1) Toy time! Generally I start by making sure my art table is reasonably clean/clear of dust so as to not have nasty paint later on in the process.
I then think about what I want to paint, and what toy I feel like working on that day. Today I picked a 5″ MadL.
First off if the toy has any accessories/jewelry like mine did, I start by cutting it off, unless I want to save it for later, in that case I skip the cutting step and go straight to step 2.
2) Heat Time! The Hairdryer is your friend, just watch your fingers, kids get your parents to help you with this. MadL’s only have one joint which makes this easy, you’ll want to apply the heat until the bottom of the head is pliable but not TOO soft or you’re likely to ruin the toy. Repeat this step after step 4.
Pull the MadL’s head til it is removed. Sometimes you’ll need to use the hair dryer a few times over, depends on the toy.
3) Strip time! Get your supplies, I use extra strength nail polish remover and cotton balls to remove the initial paint. I never completely remove the paint if I am going to use spray paint, just rub it off until any raised paint is no longer raised. It will have a very smeary ruined look about now.
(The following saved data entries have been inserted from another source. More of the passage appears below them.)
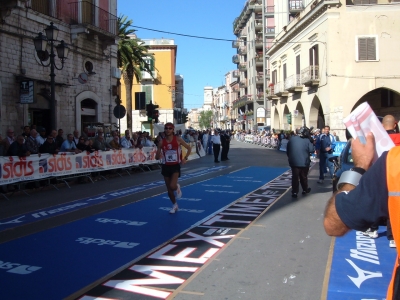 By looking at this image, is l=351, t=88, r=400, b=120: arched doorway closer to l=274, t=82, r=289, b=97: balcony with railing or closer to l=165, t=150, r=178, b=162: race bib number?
l=274, t=82, r=289, b=97: balcony with railing

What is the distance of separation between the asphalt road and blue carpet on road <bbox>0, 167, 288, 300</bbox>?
0.72 m

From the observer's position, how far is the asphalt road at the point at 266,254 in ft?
15.6

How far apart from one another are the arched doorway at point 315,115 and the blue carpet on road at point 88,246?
83.1ft

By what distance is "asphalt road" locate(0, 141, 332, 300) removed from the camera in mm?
4750

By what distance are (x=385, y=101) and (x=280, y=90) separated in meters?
11.0

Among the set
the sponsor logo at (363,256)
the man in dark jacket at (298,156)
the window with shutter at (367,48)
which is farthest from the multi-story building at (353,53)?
the sponsor logo at (363,256)

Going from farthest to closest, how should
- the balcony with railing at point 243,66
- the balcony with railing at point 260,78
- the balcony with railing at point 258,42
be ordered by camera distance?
the balcony with railing at point 243,66, the balcony with railing at point 260,78, the balcony with railing at point 258,42

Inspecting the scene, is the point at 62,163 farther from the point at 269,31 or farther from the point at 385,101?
the point at 269,31

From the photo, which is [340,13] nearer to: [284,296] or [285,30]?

4) Spray time! I use Krylon spray paint for Plastics. It sticks better and dries faster than other paints. Go outside for this, I take an old cardboard box and set the toy on top. You’ll just want to dust the toy with the paint, it doesn’t need to be solid but everything needs to have some paint on it. Let it dry fully, since it’s only a dusting, it shouldn’t take more than 15 minutes to dry.
5) Time to paint! Take your toy inside and get your paint and palette ready. I use Galleria or Liquitex acrylic paints, they both work very well. Apply black paint to the whole toy, and allow it to dry.
6) Dry Brush Time! Take a medium sized brush make sure it’s dry, and mix up 1-3 colors of your choice, I picked hot pink and red for this toy, and dip your brush in the paint, and then wipe it off on a paper towel til there is just a hint of color left when you wipe it on the towel. Then you’ll just lightly brush all over the toy, push harder if you want a brighter spot of color or lighter for just a hint of color. Allow each separate color to dry before applying the next color.
7) Detail Time! I usually just have it when I paint the face and the stars on, but you can use a pencil to rough in where you want your face. I use a really really tiny brush for the stars. After that it’s done! Don’t worry about brush marks, that’s the whole point of dry brushing, messy is fun!
8) Spray with clear coat to protect the paint job. Voila, you’re done!